Looking at my students’ code has been revealing. Here, rather than pointing out flaws (whose work doesn’t have flaws?) I’ll point out how I process data and write models. First,
- More than 2/3 of the work on an empirical paper will involve merging and recoding data from different sources. Many PhD students repeat the same code lines 10 or 20x. While simple software like Stata makes it easy to do a merge, they are extremely bad at abstracting code. For most heavy projects, data processing can be done in <100 lines, because data preparation instructions are very repetitive. Hence advice #1 is: use R, and abstract your code as much as possible. For instance, creating a dummy for missing values of variables ‘var1’-‘var100’ in 5 different files shouldn’t take 100 lines. It should take one line. There are many more elaborate ways of abstracting even the most complex operations; and using functional programming as in R makes abstracting fast and easy. Thus learn lapply, sapply, tapply and use functions as much as possible.
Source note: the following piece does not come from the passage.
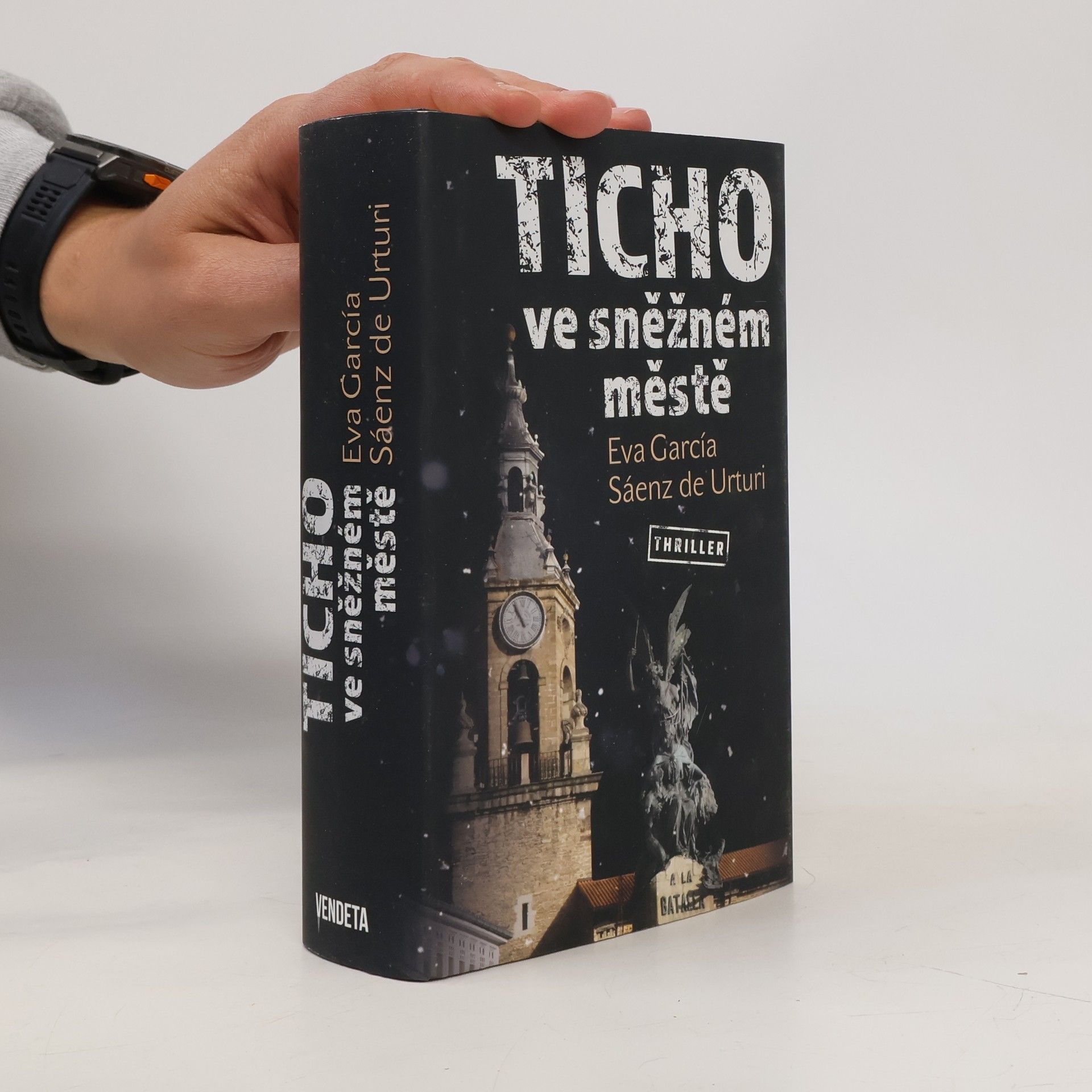 Eva García Sáenz de Urturi Ticho ve sněžném městě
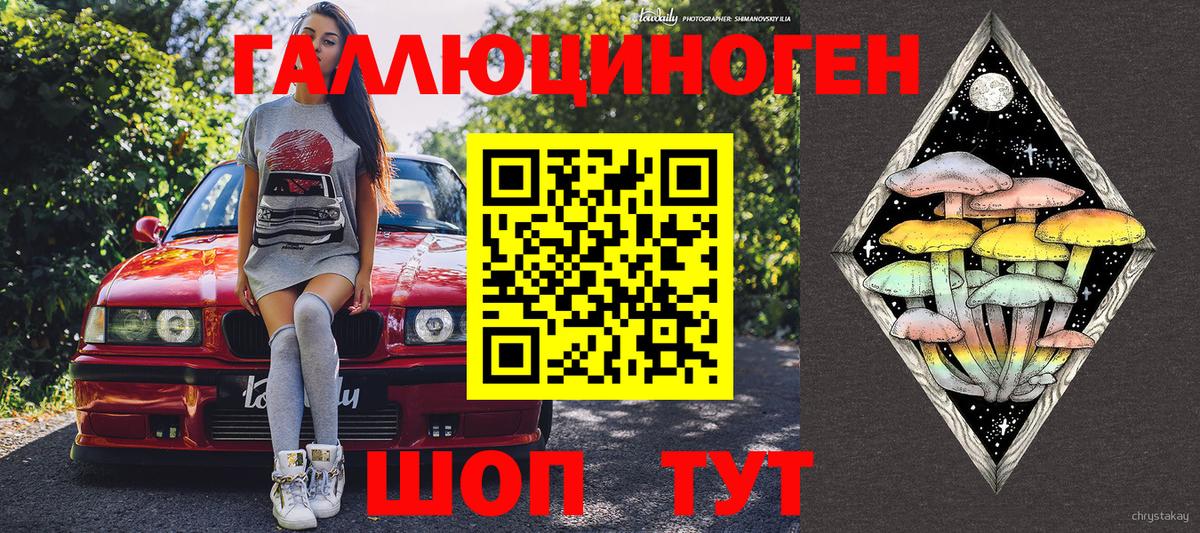 Псилоцибиновые грибы Psilocybine cubensis Кумертау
- For GIS operations, which most urban economists need, I use the R libraries rgeos, sp, rgdal as much as possible given their flexibility. But these libraries can be slow. For large operations, use ogr2ogr, which performs an order of magnitude faster but is hard to handle. Write Makefile files to replicate your GIS operations that use ogr2ogr.
- I never start writing source code without writing the literate (natural language) version of the code. First, write the plain English description as comments, then insert the required equations. Second, write the code in-between the comment lines. Some people use R Markdown to intersperse R code and comments, but I prefer using plain R code with #’ comments that can be either rendered as pdf/html or executed as R. Donald Knuth, the author of the Art of Computer Programming, has long been a proponent of literate programming, and it does help in clarifying code and writing code as a work of art.
- For theory models, Mathematica has been great help. The notebook interface really is much more suited for theory work (e.g. solving a symbolic system of equations) than for numerical/empirical work. Mathematica is well-suited for functional programming and so switching between R and Mathematica shouldn’t be conceptually hard. (There is a Mathematica package called RLink as well). When simulating a model under different sets of parameters, I have written R Shiny user interfaces to play with the model’s parameters and check for the nature of equilibria.
Disclaimer: Stata has been and still is a great pedagogical tool. Its output is clear as it’s a software that almost trains its users. It displays the right statistics for publication, and provides useful warnings. That simplicity can become a straightjacket. In addition, there is simply no GIS support in Stata (apart from the super basic spmap and shp2dta): good luck doing a regression discontinuity design at a border in Stata.